A l'été de cette même année, pour célébrer à la fois le cinquantenaire de la fondation de la Société Amicale de Secours des anciens élèves et le centenaire des combats de 1814 aux portes de Paris où les X avaient pris une part si brillante, on inaugurait dans la cour de l'École le monument de THEUNISSEN qui y dresse encore sa fière silhouette.
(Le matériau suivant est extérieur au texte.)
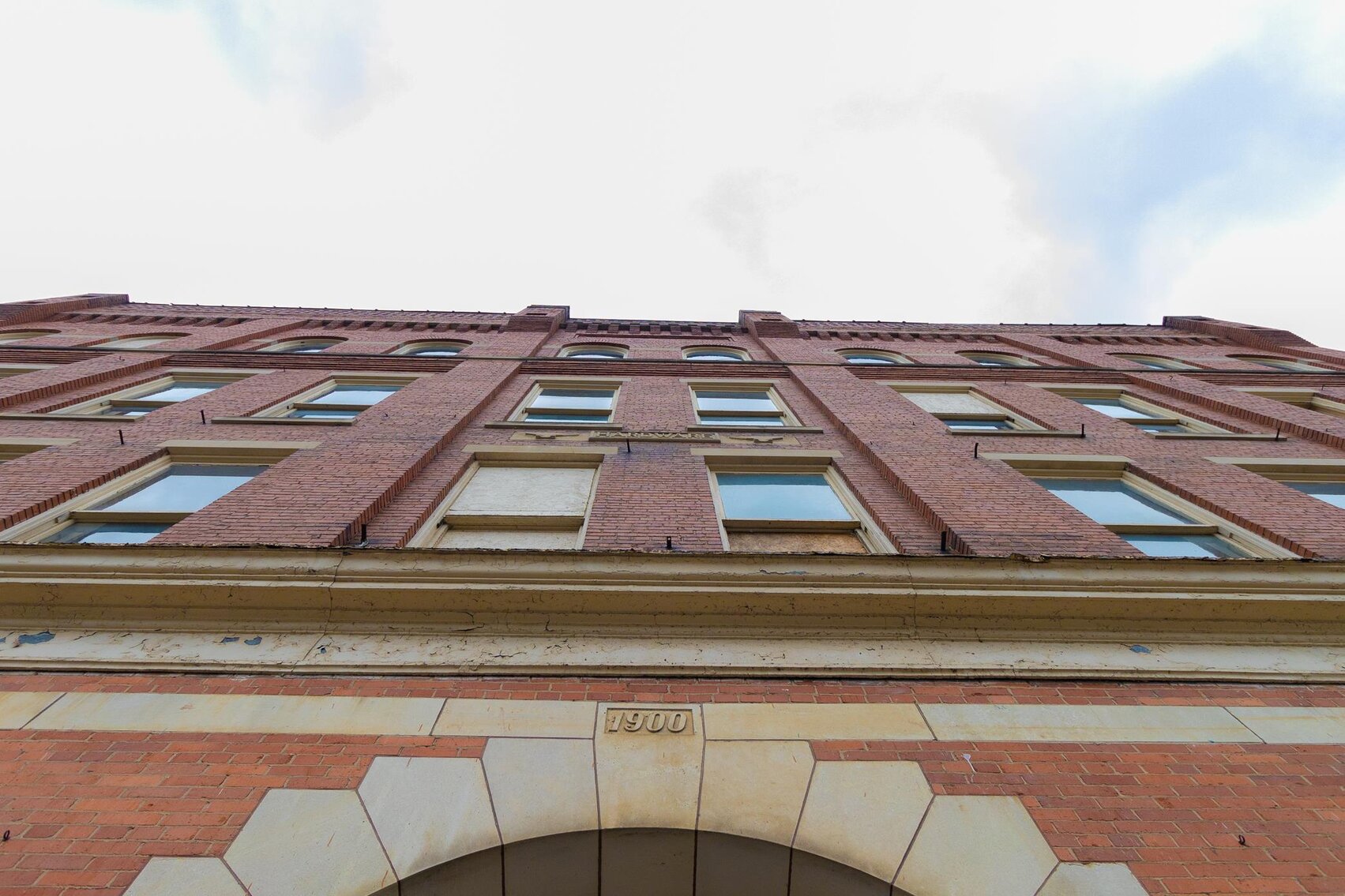 Image for SOLD $302,500 - 36,000 sqft. Building in a Historic Clarksburg Neighborhood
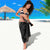 Fiji Traditional Masi Sarong Tapa Art Palm Leaves Pattern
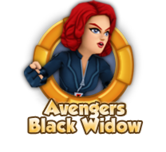 ScarJo Black Widow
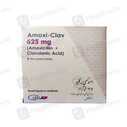 Amoxi Clav 625Mg 6s Capsules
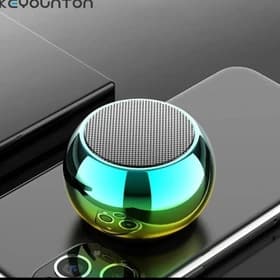 مینی اسپیکر طرح JBL مدل هولوگرامی — تصویر ۲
Je me trouvais au premier rang des assistants. Je revois encore, comme si c'était hier, le souffle d'enthousiasme qui les enflamma quand le voile tombant découvrit le jeune héros serrant contre sa poitrine la hampe du drapeau confié quelques années auparavant par l'Empereur au major François Arago, tandis que de la main droite il brandit son sabre, encourageant de la voix ses camarades pour la suprême résistance.

J'entends encore le Ministre de la Guerre M. Messimy tourné vers les élèves d'alors leur dire : « Quand vous passerez devant ce monument, vous sentirez monter plus ardente dans vos cœurs la flamme sacrée du sacrifice; animés du même courage que vos anciens, vous ferez preuve, pour assurer la victoire, des mêmes vertus militaires qui furent leur honneur dans la défaite. »

« Assurer la victoire ! » On était alors au 8 juillet, à moins d'un mois de la guerre. Quelle parole prophétique ! Quelle part magnifique en effet l'École se disposait à prendre, par ses élèves des cinquante promotions en âge de mobilisation, un demi-siècle de travail et de science, a-t-on dit, à la défense et au salut de la France attaquée !

Cinquante-deux mois passèrent, parmi les plus tragiques de notre histoire. Enfin la victoire, sensible à nos sacrifices et à notre vaillance, consentit à déposer à nouveau son baiser dans les plis de nos drapeaux qu'elle avait désertés naguère. Notre pays allait connaître à nouveau la fierté et les bienfaits de son auréole.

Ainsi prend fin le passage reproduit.